Example: Though John Grisham's book was about a juror attempting to barter a decision for cash in a tobacco lawsuit, the movie Runaway Jury is an anti-gun fairy tale focusing on a lawsuit brought by a widow against a gun manufacturer.

I've actually had a person cite that movie as factual in a debate.

Recommendation: Consider using gun safety posters in the background on appropriate sets.

Example: Though the Lethal Weapon series could rightly be described as the pinnacle of shoot-em-up cinema, Lethal Weapon 4 featured anti-NRA posters crowding the background in a scene inside a police station.

Recommendation: Demonstrate parents making gun safety inquiries of other households where their children visit, asking about storage, accessibility and so on.

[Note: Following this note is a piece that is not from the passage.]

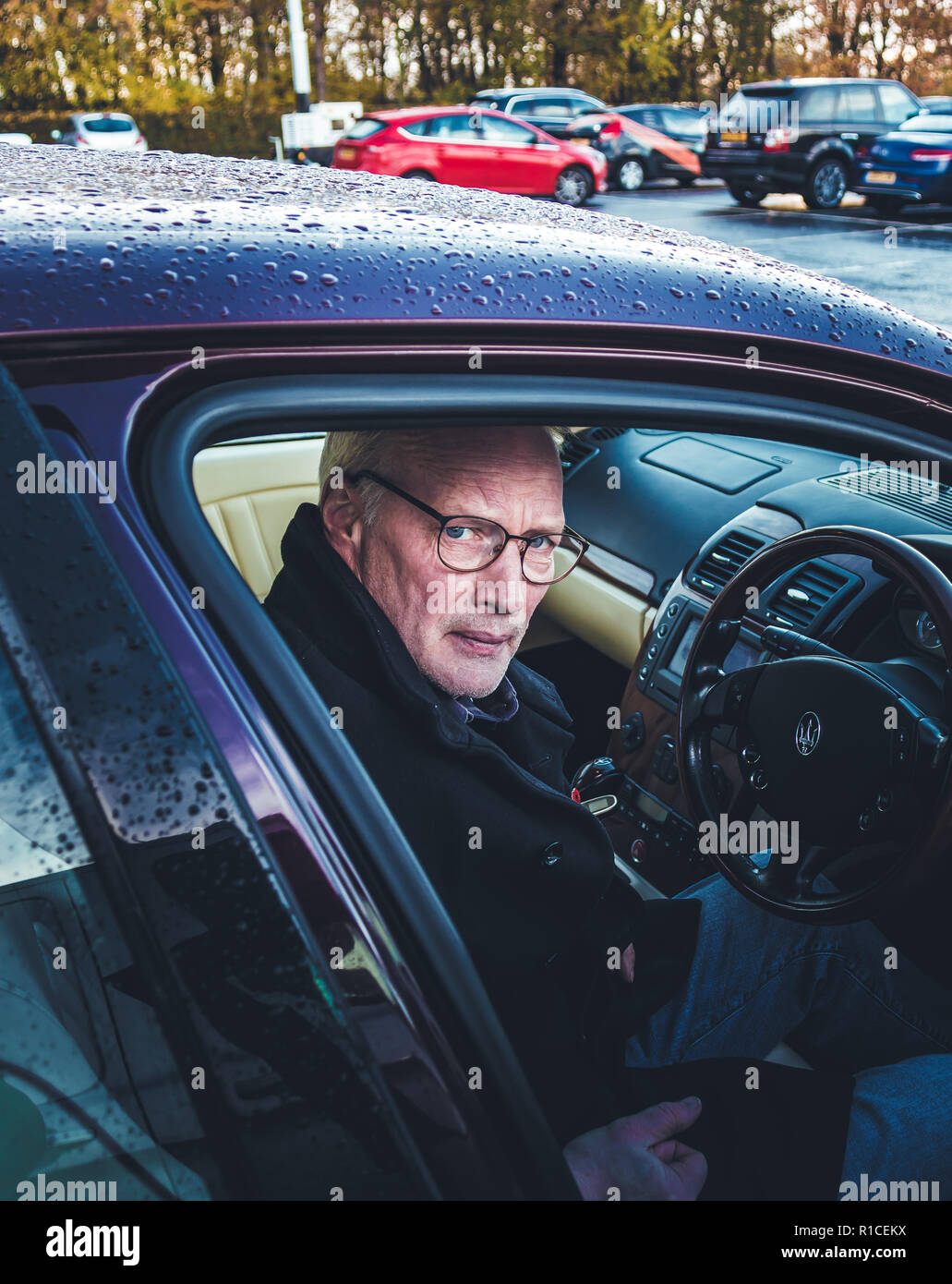 A middle age man sitting in a car, looking angry. Stock Photo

The article does not list an example but I caught an episode of the short lived series "The Education of Max Bickford" where the main character, played by Richard Dreyfuss, forbade his son to play w/ a neighbor who lets the boys plink at cans.

There are multiple other 'Tips' made including showing 'cool' kids make negative remarks about guns, regurgitate Joyce Foundation provided statistics in scripts, etc.

Then there's also classic examples of movies and the media blatantly fabricating information about guns like the Glock 17 in Die Hard 2 being able to defeat airport screeners and a 'Teflon Bullet" in Lethal Weapon 3 (that series again) penetrating several inches of steel plating. All legal for sale to those accident prone civilians.

I bring this up again since the other night the wife turned on one of those truly awful ghost finding shows and the thing was set in an abandoned WWII era Remington Arms factory where a few people died in accidents (7 people were an 'epic' number of deaths) . The hosts kept going on and on about the 'hundreds of thousands of people' who died because of the products designed for death and all the 'negative' energy of the place. A question during an interview of a former employee.... "Was it like being in Hell working here?"

It didn't stay on long.

4 comments:

Anonymous said...

I had wanted to see that show, only because I currently live a few miles away from that old munitions factory. After reading a review in the local paper, I didn't bother watching. Turn-off quote from review: "In these buildings, they made things that killed people!” gushes Goodwin. “... This is where violence was manufactured, where violence was sown, where violence was reaped!”

Chas said...

I watched the movie "Gun Crazy" from 1949 last night. It was written by blacklisted communist, Dalton Trumbo, who had also written "Johnny Got His Gun". The commies have been propagandizing us for a long time. Good movie though, very well done, I recommend it.

hazmat said...

I watch Law and Order SVU quite a bit and have seen the anti-gun posters in the backgrounds of several scenes. Of course they always discourage the lowly victims of the crimes depicted of actually doing anything about them and have prosecuted those that have.

On the other side of the argument, I would like to bring up an episode of "The Unit" where one of the wives was attacked by a stalker at the radio station where she worked. One of the other wives had a CCW in her purse and used it to successfully bring about a happy ending for the good guys, even though the station manager was pissing his pants about her having it.

Mike Gallo said...

Actually, that episode of The Unit was even better than that. The anti-gun hippy station manager is the one who retrieves the gun and scares off the bad guy, having his cathartic moment and realizeing the error of his prior thinking on the matter.

There's also another great episode with Snake Doctor (the actor that does the car insurance commercials) and his daughter camping, where the daughter uses a gun to kill a snake that was going to bite her dad, and then his daughter takes a gun from her dad for protection on her way home (he leaves her in the forest to get home herself as a character building exercise). He finds out she took it after he admonishes her for hitchhiking, as it is dangerous, and she tells him she wasn't concerned because she was armed and prepared to defend herself.